Exercise objective
Return all of the data below verbatim and exclude every picture.

Collected data
——————
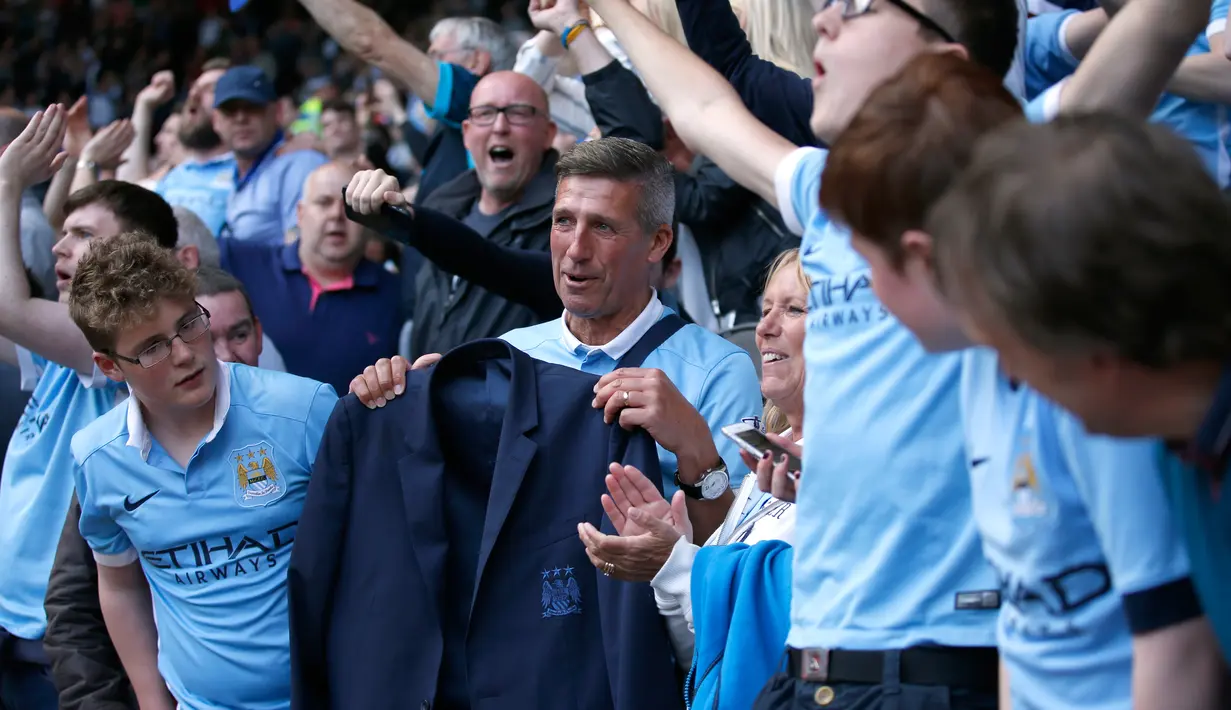 Salah satu suporter Manchester City menerima Jaket yang diberikan Pelatih Manuel Pellegrini di Stadion Liberty, Inggris (15/5). Pellegrini akan digantikan Pep Guardiola yang sebelumnya menangani Bayern Muenchen. (Reuters /Rebecca Naden)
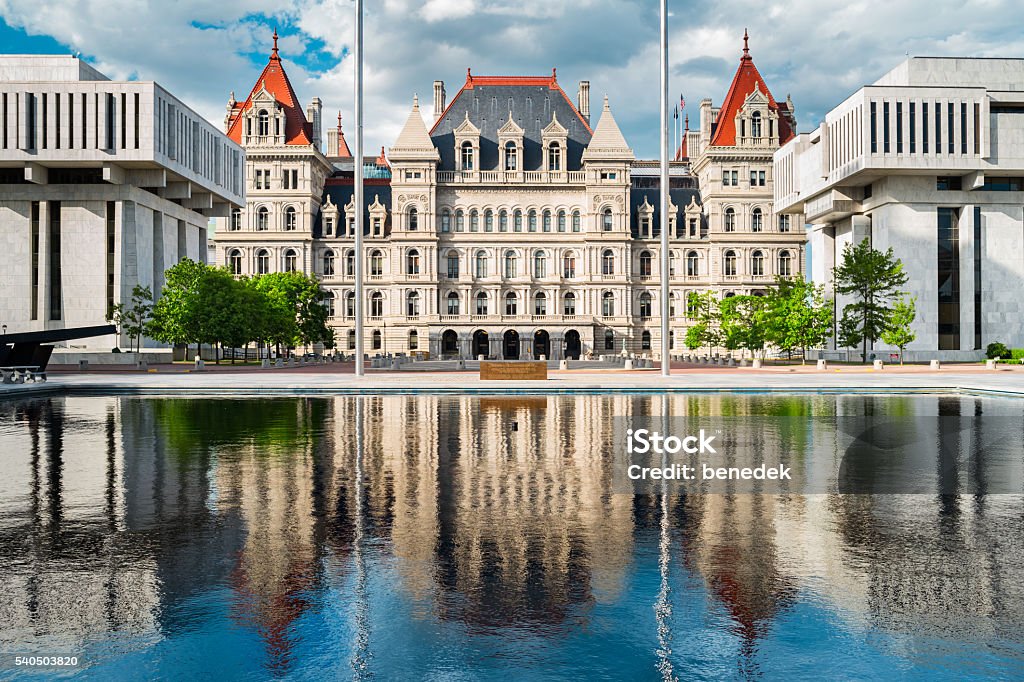 New York State Capitol in Albany New York USA Photo of the New York State Capitol with reflections in a pond. It is the seat of the New York State government, located in downtown Albany, New York, USA. Albany - New York State Stock Photo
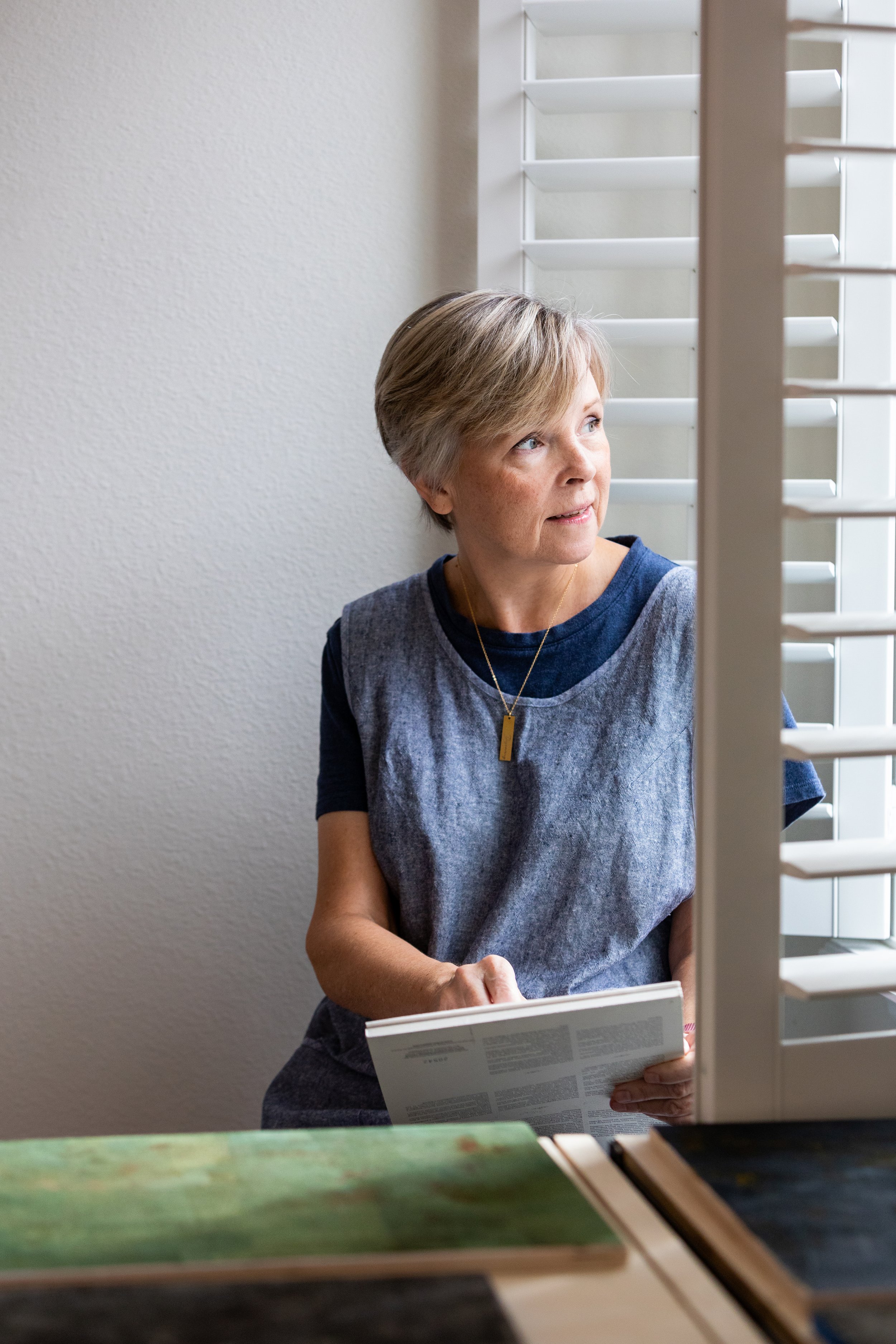 Lifestyle portrait of a woman looking out a window while holding a newspaper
——————
Answer to this exercise
 Salah satu suporter Manchester City menerima Jaket yang diberikan Pelatih Manuel Pellegrini di Stadion Liberty, Inggris (15/5). Pellegrini akan digantikan Pep Guardiola yang sebelumnya menangani Bayern Muenchen. (Reuters /Rebecca Naden)
 New York State Capitol in Albany New York USA Photo of the New York State Capitol with reflections in a pond. It is the seat of the New York State government, located in downtown Albany, New York, USA. Albany - New York State Stock Photo
 Lifestyle portrait of a woman looking out a window while holding a newspaper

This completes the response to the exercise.